While the Federal Reserve’s paper on potentially adopting a central bank digital currency (CBDC) will advance debate in Washington, its decision to kick the issue to Congress means an official US digital dollar is still several years away.
The US central bank on Thursday released a much-anticipated paper on the pros and cons of adopting a digital dollar, a digital version of cash in your pocket, in which it refused to take a stance and said Congress should decide the matter.
Many CBDC enthusiasts saw the report as a key milestone in developing some form of digital dollar policy, but with lawmakers confused and divided on the issue — even within their own parties — analysts said they should not hold their breath.
“The paper ... is light on conclusions and reinforces our view that a Fed-backed CBDC is — at best — years away from launch,” Isaac Boltansky, director of policy research for brokerage BTIG, wrote in a note. “We are bearish on a legislative solution emerging.”

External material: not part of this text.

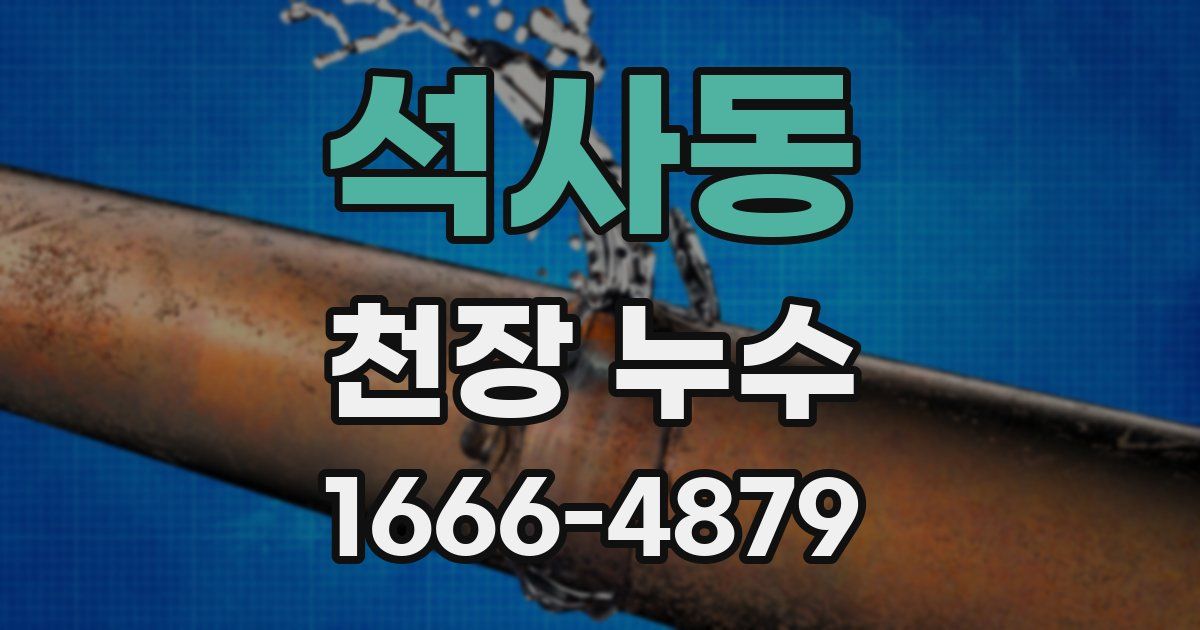 석사동 천장 누수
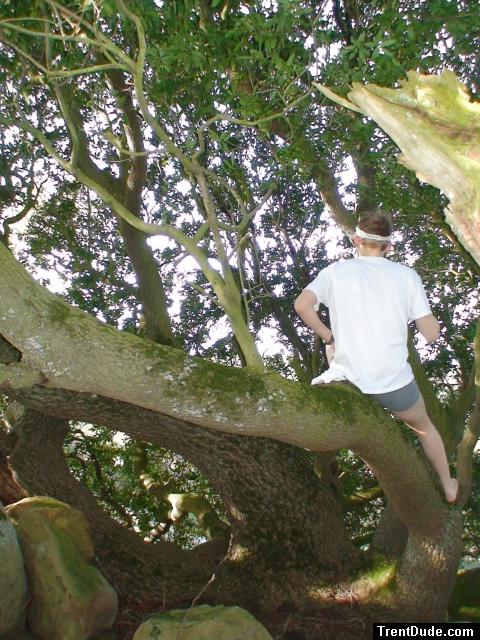 Climbing tha manzanita tree in grey boxer briefs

Unlike cryptocurrencies, which are run by private actors, a CBDC would be issued and backed by the central bank. It would differ from electronic transactions that happen through large commercial banks by giving consumers a direct claim to the central bank, similar to physical cash.
A digital dollar could transform the financial system, speeding up payments globally and giving consumers greater access to the financial system, the Fed said. But it cautioned that a poorly designed digital dollar could weaken banks, destabilize the financial system and create privacy issues.
About 90 countries including China, are exploring or launching their own CBDCs, according to the Atlantic Council, sparking concern among some that the United States will cede the dominance of the global financial system if it does not digitize the dollar, currently the global reserve currency.
In an already fiercely divided political climate, reaching a consensus on this tangle of thorny issues “seems like a long shot,” JPMorgan chief economist Michael Feroli wrote in a note.
While some Republicans are eager for the Fed to embrace innovative technology, others have expressed concern over the central bank expanding its footprint and competing with private banks. “I’m genuinely undecided whether there is a legitimate need for a CBDC,” Republican U.S. Senator Cynthia Lummis, a leading digital currency proponent, tweeted following the Fed’s report.
Some Democratic progressives like Senate Banking Committee Chairman Sherrod Brown support a digital dollar that would boost financial inclusion, but other Democrats have flagged concerns that a digital dollar could be used for illicit purposes.
Brown, who would play a leading role in drawing up legislation in the thinly divided Senate, said on Thursday that the report was a “a good first step,” while some other lawmakers said they were looking forward to working on legislation.
But even if Congress was able to agree on and pass legislation this year, the rollout of a digital dollar would require a lengthy pilot and implementation phase.
“Even if you start today, we’re still going to be a couple of years away from this becoming a reality,” said Jonathan McCollum, chair of federal government relations for Davidoff Hutcher & Citron, who has lobbied lawmakers to get started.
As lawmakers, regulators and the White House debate the issue, the private sector is likely to move ahead with products that may weaken the argument for a digital dollar, Ian Katz, managing director of Capital Alpha Partners, said in a note.
“If it finally happens years down the road, a Fed CBDC would be less of a world-changer than it would be now,” he added.